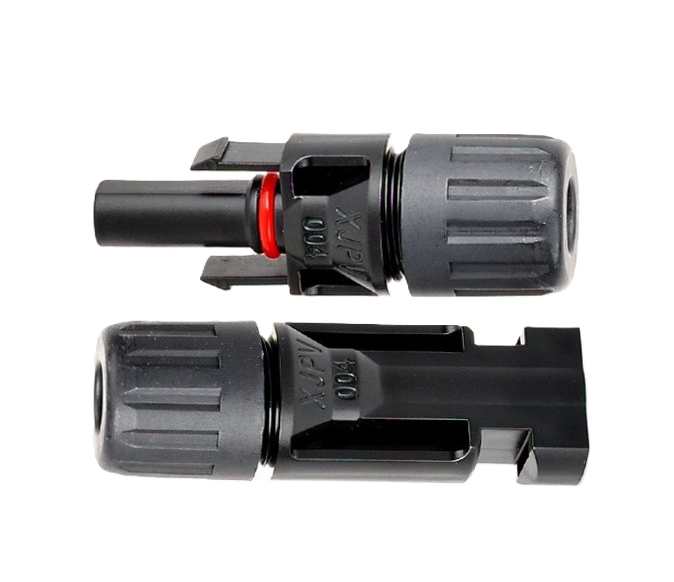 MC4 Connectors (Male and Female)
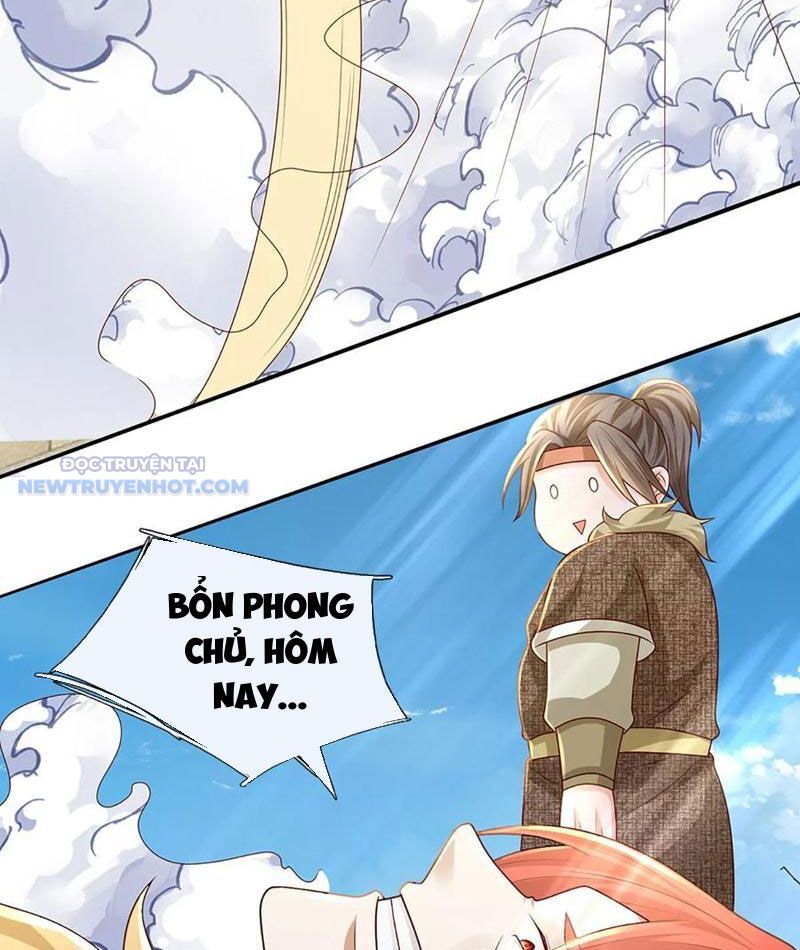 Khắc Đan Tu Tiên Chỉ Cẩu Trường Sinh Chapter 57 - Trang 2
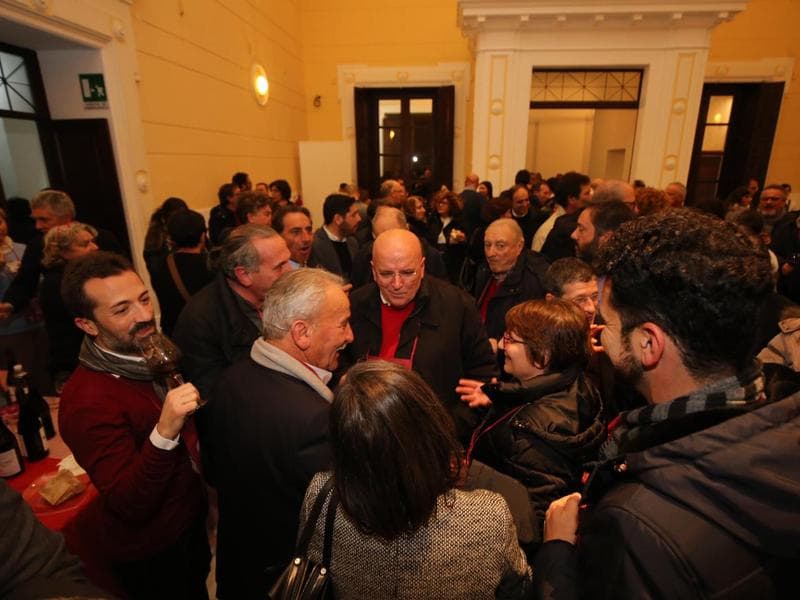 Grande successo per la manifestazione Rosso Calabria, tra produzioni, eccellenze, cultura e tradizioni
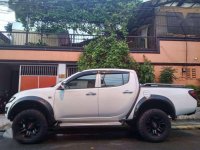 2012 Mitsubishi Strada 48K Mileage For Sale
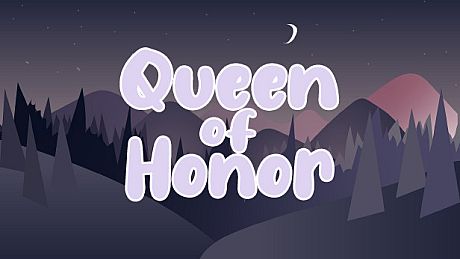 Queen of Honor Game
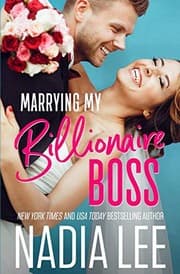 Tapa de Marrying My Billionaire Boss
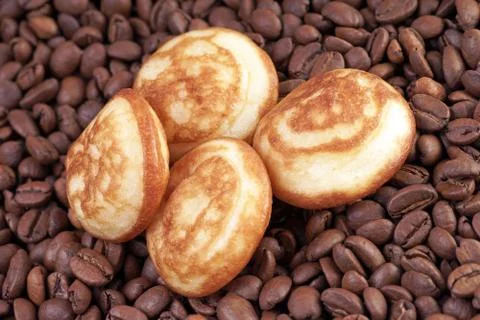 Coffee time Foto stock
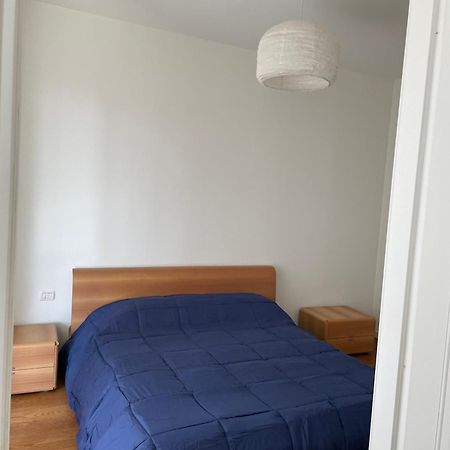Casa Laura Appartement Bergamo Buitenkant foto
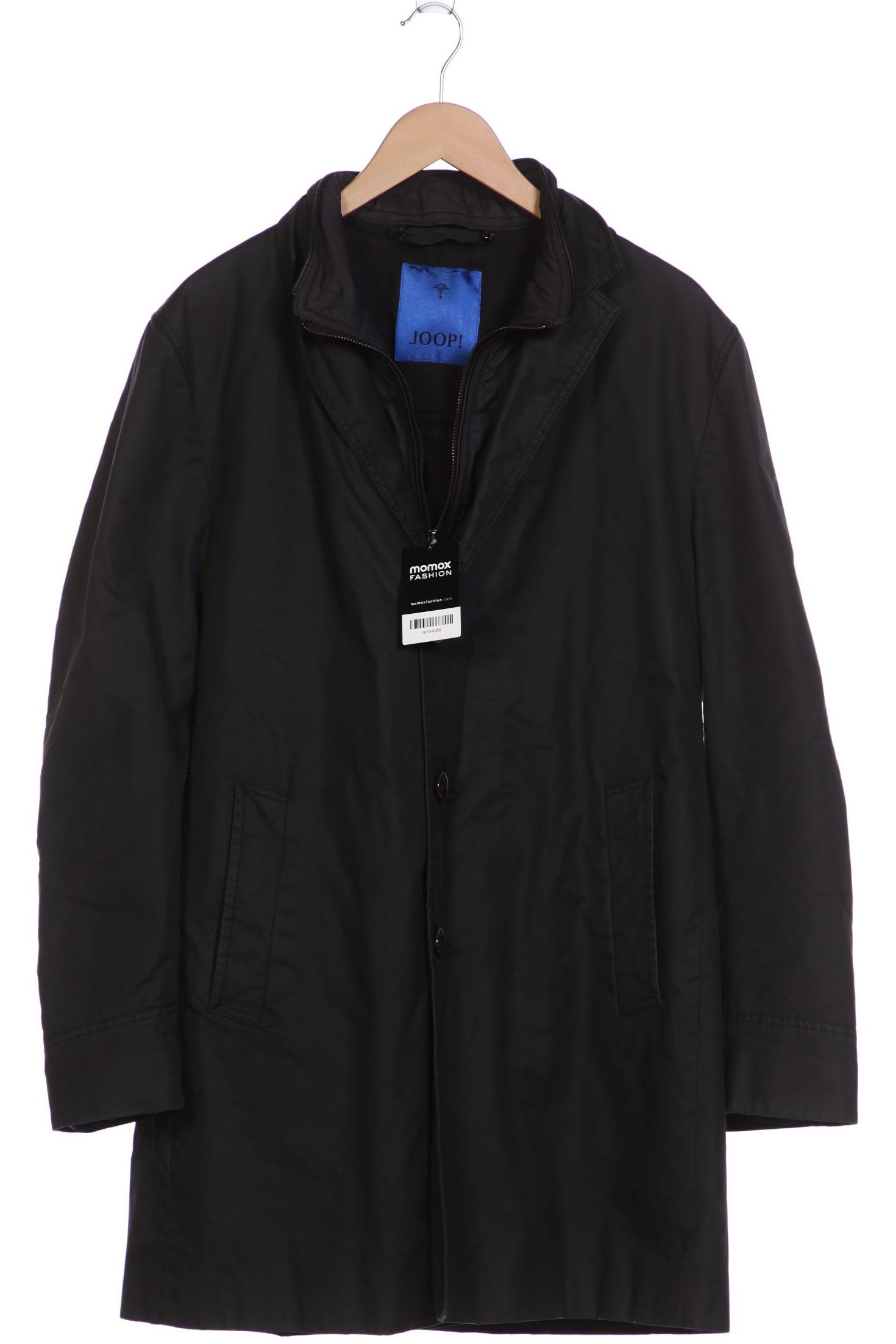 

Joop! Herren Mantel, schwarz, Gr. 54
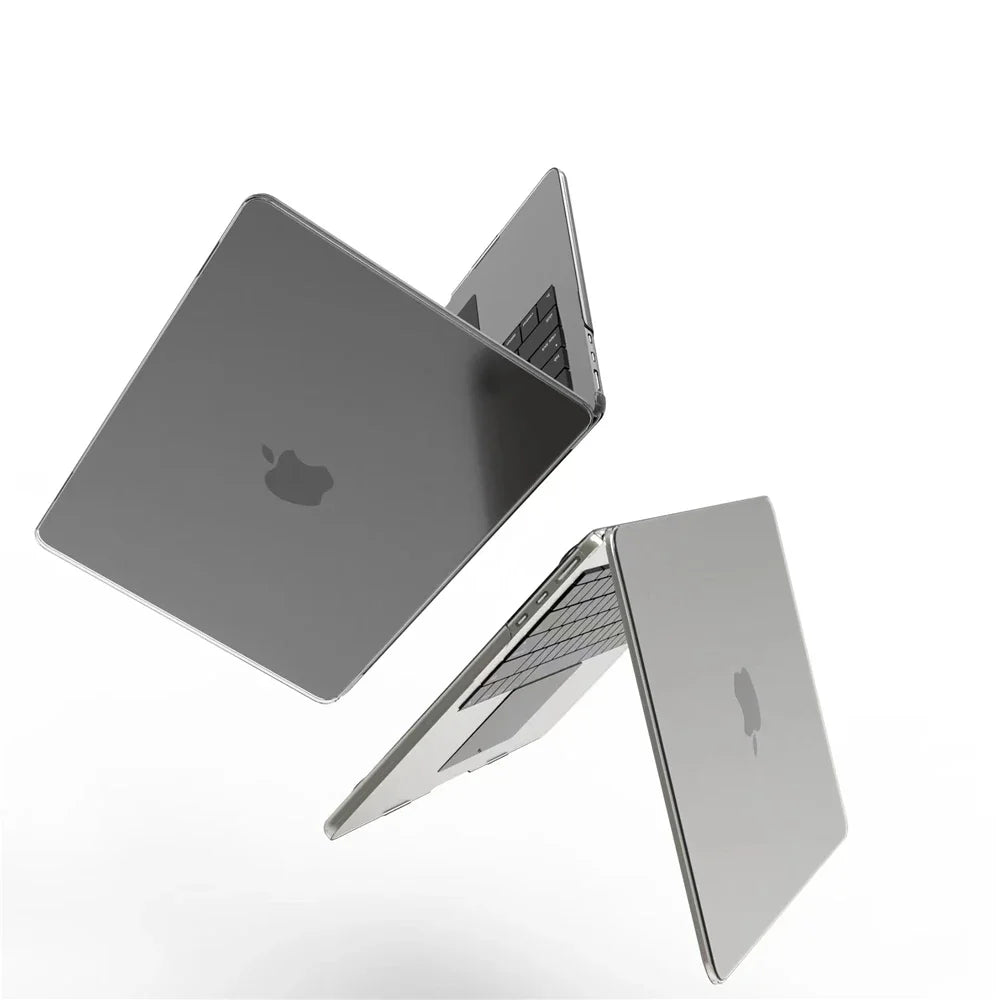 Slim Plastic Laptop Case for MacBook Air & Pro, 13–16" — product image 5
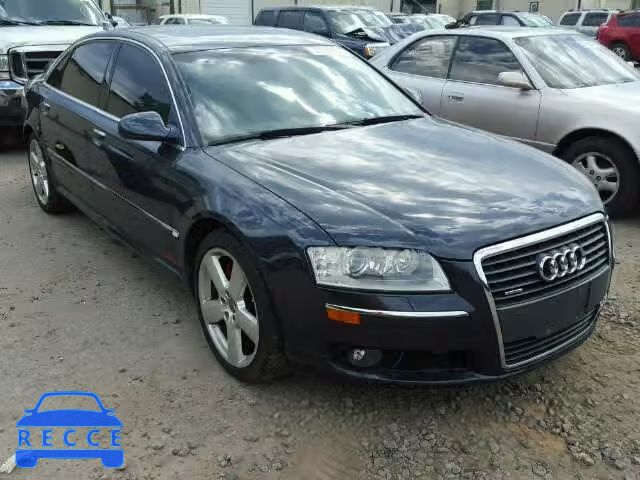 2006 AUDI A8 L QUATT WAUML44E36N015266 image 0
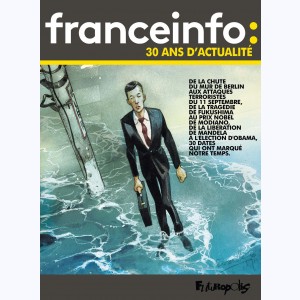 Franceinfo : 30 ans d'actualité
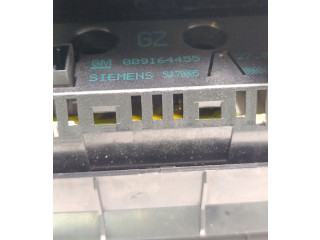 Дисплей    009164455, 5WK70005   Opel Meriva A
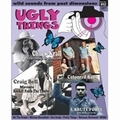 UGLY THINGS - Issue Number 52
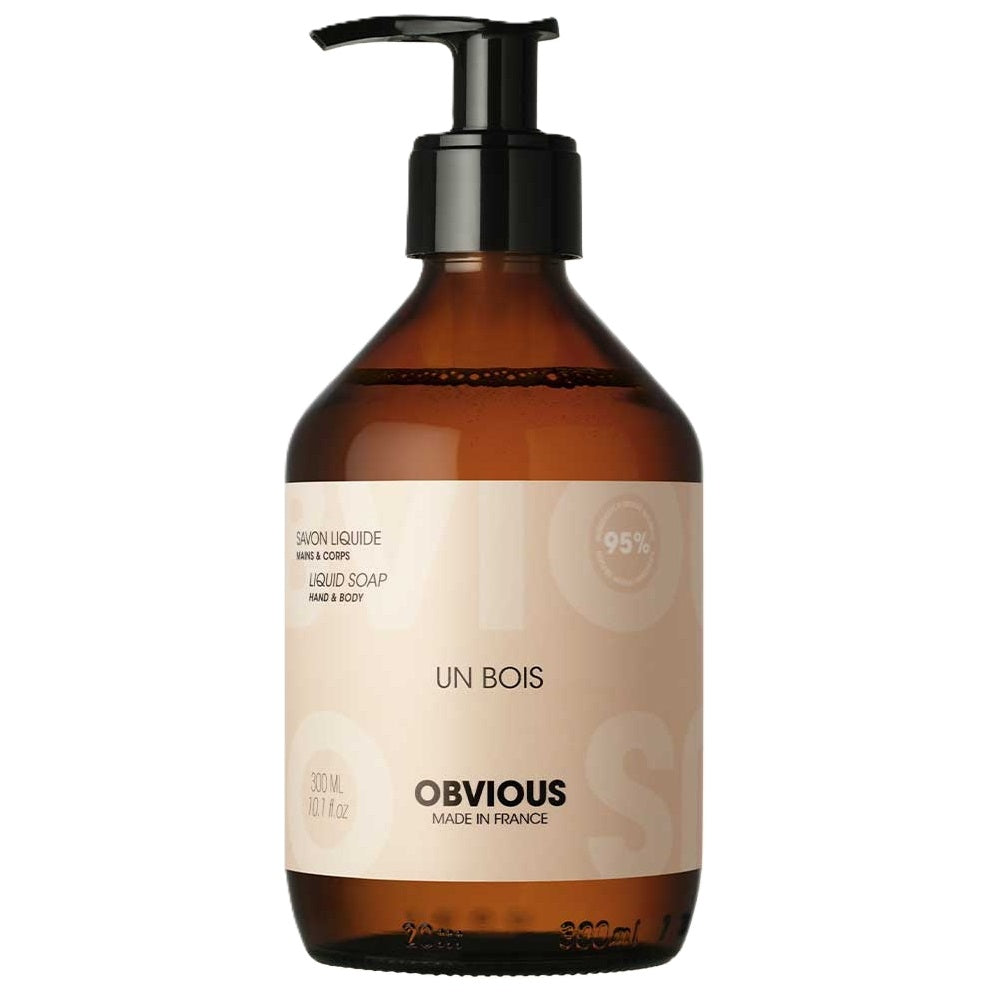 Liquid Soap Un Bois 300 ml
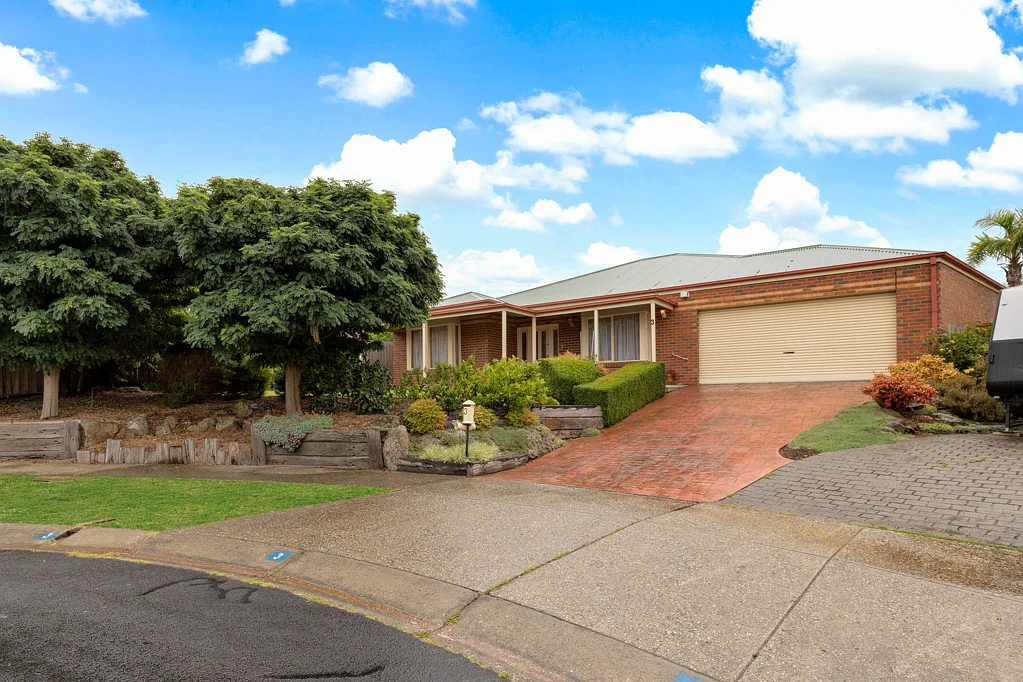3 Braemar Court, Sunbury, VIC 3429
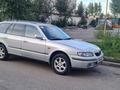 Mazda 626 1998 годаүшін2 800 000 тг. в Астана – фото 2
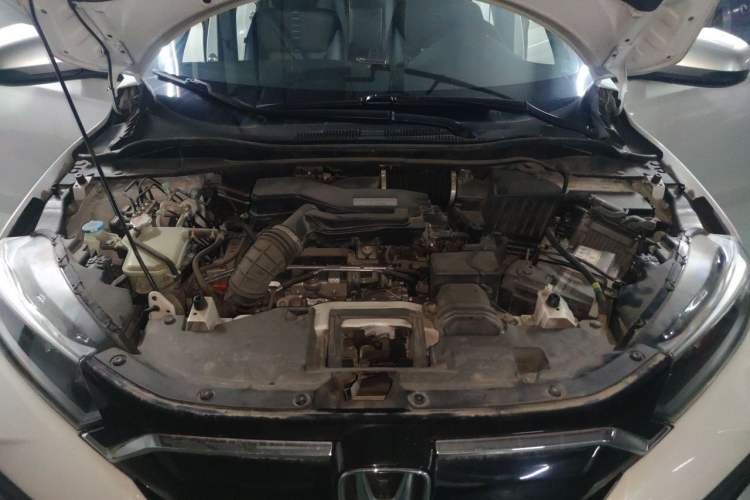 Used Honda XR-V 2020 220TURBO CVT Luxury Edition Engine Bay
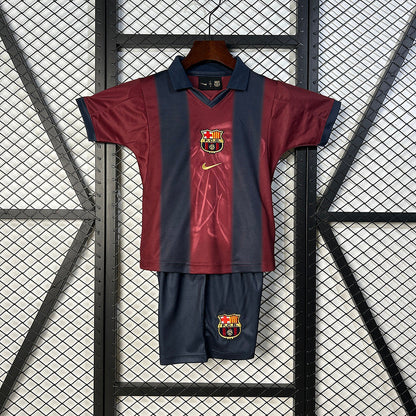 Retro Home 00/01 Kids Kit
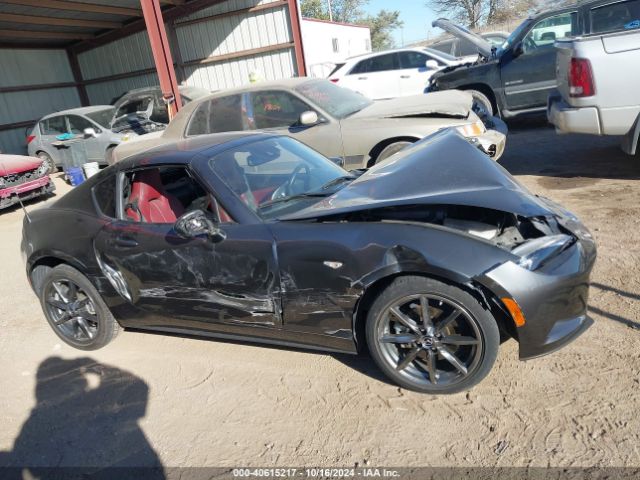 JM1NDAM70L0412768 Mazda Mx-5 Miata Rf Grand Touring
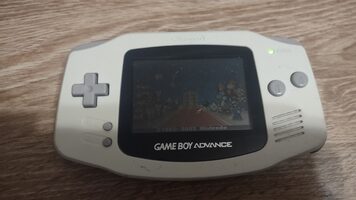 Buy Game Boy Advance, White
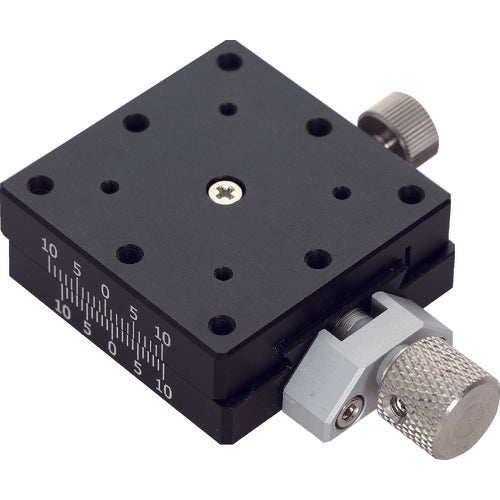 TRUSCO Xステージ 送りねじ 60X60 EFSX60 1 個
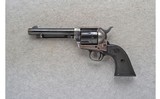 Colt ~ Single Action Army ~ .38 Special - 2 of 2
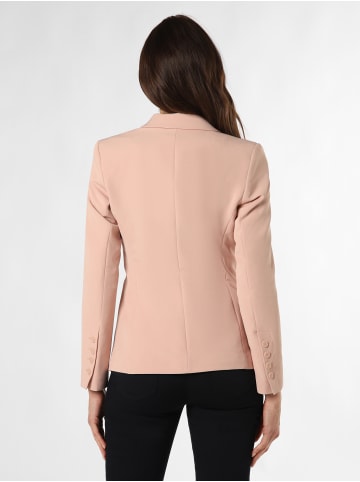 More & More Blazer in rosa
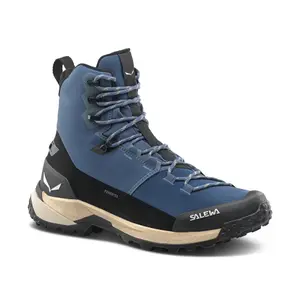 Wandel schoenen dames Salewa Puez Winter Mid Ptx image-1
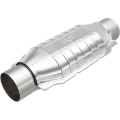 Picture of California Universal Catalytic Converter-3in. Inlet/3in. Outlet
--
### About this task
Write out exactly, and only, the lines from the line holding "Liquid Soap Un Bois 300 ml" through the end of the data, inclusive, without any pictures.

### Your response
 Liquid Soap Un Bois 300 ml
3 Braemar Court, Sunbury, VIC 3429
 Mazda 626 1998 годаүшін2 800 000 тг. в Астана – фото 2
 Used Honda XR-V 2020 220TURBO CVT Luxury Edition Engine Bay
 Retro Home 00/01 Kids Kit
 JM1NDAM70L0412768 Mazda Mx-5 Miata Rf Grand Touring
 Buy Game Boy Advance, White
 TRUSCO Xステージ 送りねじ 60X60 EFSX60 1 個
 Colt ~ Single Action Army ~ .38 Special - 2 of 2
 More & More Blazer in rosa
 Wandel schoenen dames Salewa Puez Winter Mid Ptx image-1
 Picture of California Universal Catalytic Converter-3in. Inlet/3in. Outlet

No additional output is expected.